- ASSIGNMENT
With the pictures left out, retype exactly the lines below starting at the line that contains "It might take" and ending at the line that contains "Good for you. Good".

- INFORMATION SUPPLIED
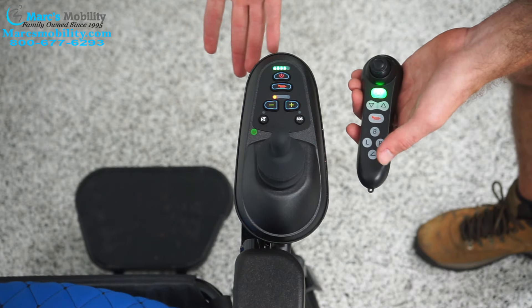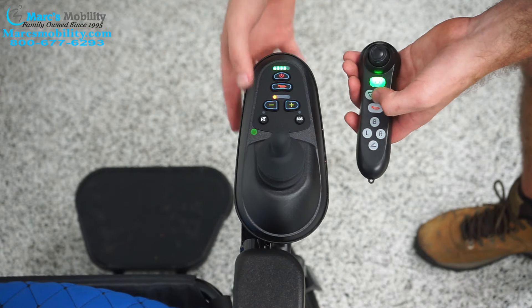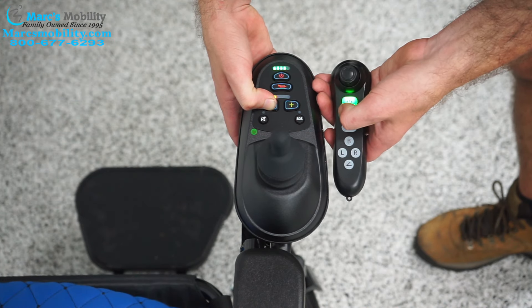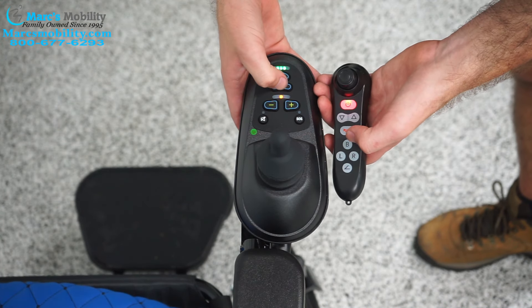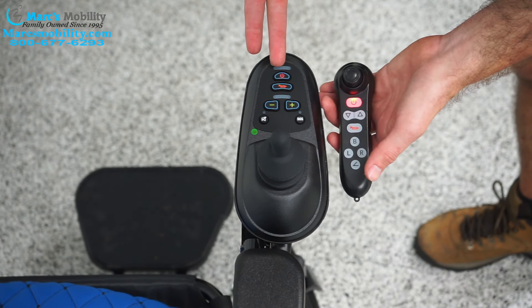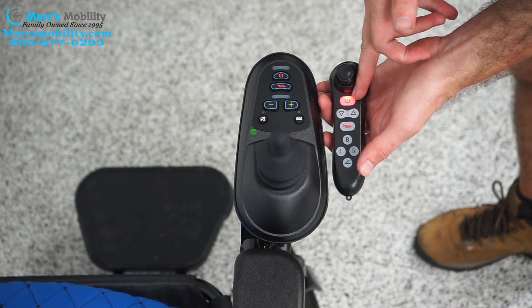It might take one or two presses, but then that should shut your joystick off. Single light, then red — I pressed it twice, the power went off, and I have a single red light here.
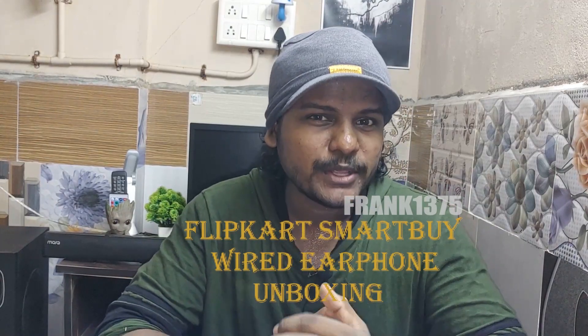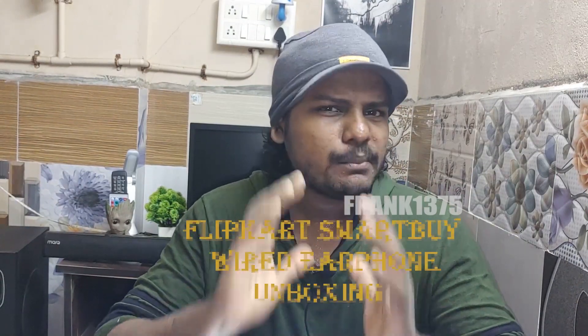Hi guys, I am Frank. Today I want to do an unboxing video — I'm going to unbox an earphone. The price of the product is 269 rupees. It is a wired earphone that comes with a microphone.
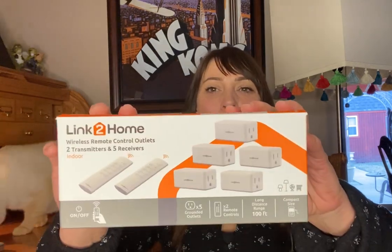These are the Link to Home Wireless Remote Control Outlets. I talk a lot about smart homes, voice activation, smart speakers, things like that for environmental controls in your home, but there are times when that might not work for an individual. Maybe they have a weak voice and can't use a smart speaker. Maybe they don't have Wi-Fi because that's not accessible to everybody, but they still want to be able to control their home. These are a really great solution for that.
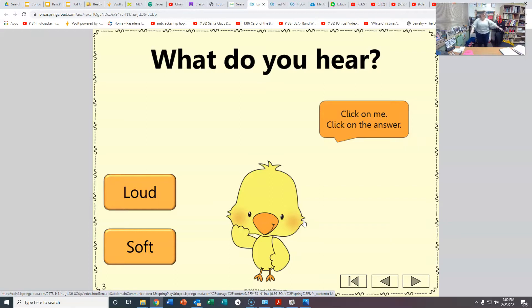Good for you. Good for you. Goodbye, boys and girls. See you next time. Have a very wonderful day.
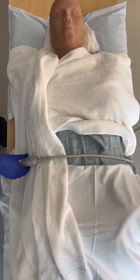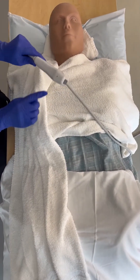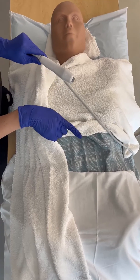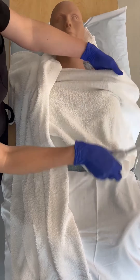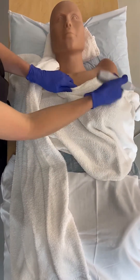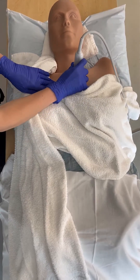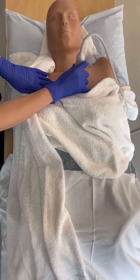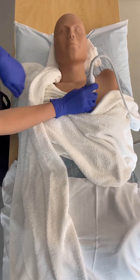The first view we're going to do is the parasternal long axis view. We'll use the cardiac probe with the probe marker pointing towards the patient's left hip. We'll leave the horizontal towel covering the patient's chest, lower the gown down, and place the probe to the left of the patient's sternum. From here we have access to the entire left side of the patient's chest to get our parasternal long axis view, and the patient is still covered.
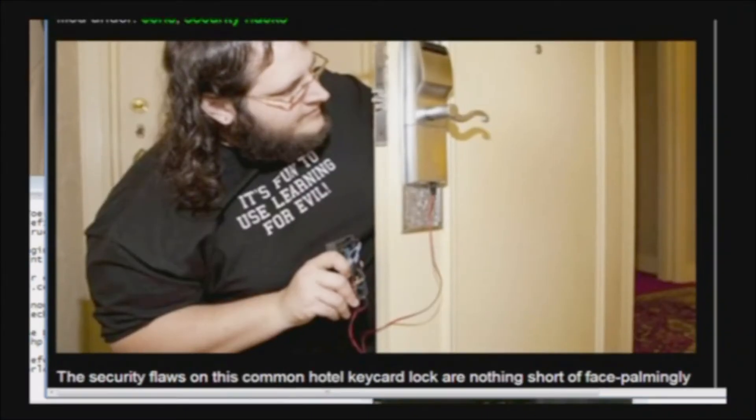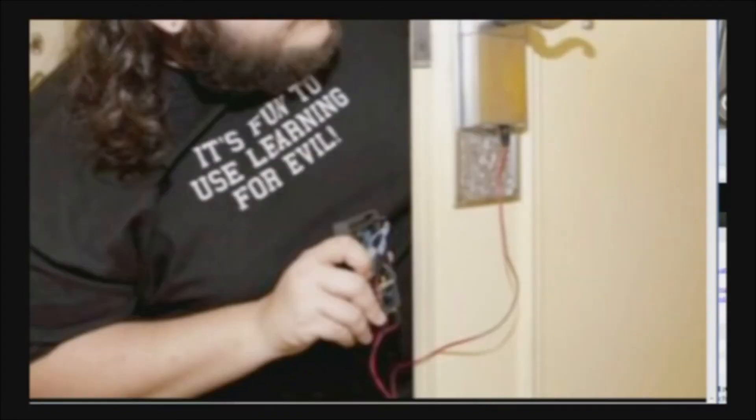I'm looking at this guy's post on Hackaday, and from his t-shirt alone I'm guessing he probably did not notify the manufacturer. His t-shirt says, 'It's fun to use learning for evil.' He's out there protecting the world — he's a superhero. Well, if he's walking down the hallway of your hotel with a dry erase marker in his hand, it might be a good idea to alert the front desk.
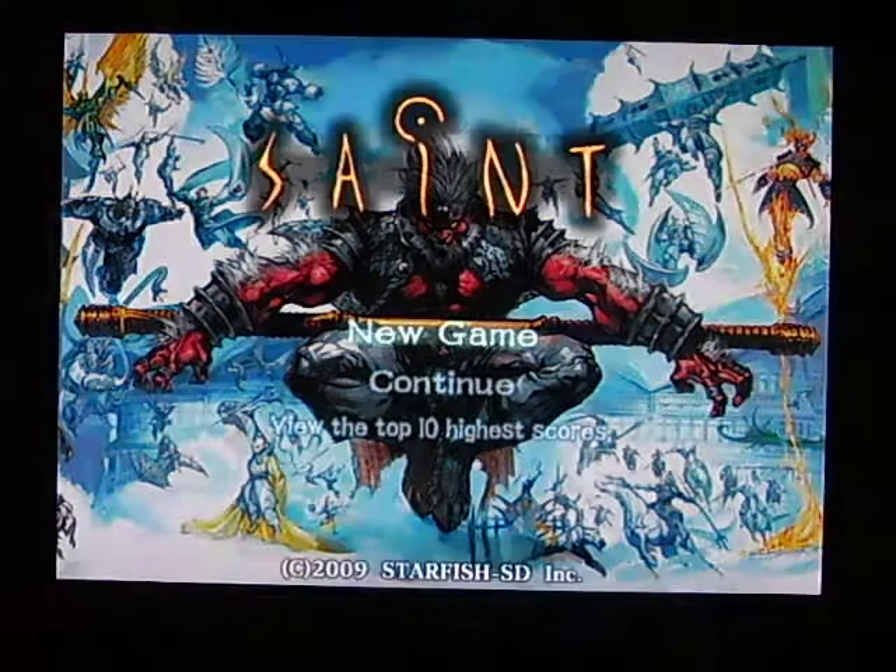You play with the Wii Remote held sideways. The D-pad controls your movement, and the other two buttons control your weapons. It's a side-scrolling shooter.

* * *

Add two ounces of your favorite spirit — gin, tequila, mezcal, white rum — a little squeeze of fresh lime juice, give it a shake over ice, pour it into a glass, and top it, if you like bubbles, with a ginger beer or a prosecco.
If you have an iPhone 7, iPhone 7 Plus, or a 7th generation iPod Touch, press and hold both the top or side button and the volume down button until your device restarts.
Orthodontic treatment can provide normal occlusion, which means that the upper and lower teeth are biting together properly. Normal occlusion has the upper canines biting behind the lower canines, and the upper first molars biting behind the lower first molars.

---

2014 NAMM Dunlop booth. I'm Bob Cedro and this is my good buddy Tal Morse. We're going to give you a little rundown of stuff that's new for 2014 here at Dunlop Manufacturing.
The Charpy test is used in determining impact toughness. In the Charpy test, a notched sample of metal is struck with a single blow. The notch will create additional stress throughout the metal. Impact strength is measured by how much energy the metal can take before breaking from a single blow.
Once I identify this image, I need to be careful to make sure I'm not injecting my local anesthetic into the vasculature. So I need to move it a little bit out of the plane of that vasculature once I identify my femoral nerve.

- EXERCISE RESPONSE
It might take one or two presses, but then that should shut your joystick off. Single light, then red — I pressed it twice, the power went off, and I have a single red light here.
Hi guys, I am Frank. Today I want to do an unboxing video — I'm going to unbox an earphone. The price of the product is 269 rupees. It is a wired earphone that comes with a microphone.
These are the Link to Home Wireless Remote Control Outlets. I talk a lot about smart homes, voice activation, smart speakers, things like that for environmental controls in your home, but there are times when that might not work for an individual. Maybe they have a weak voice and can't use a smart speaker. Maybe they don't have Wi-Fi because that's not accessible to everybody, but they still want to be able to control their home. These are a really great solution for that.
Good for you. Good for you. Goodbye, boys and girls. See you next time. Have a very wonderful day.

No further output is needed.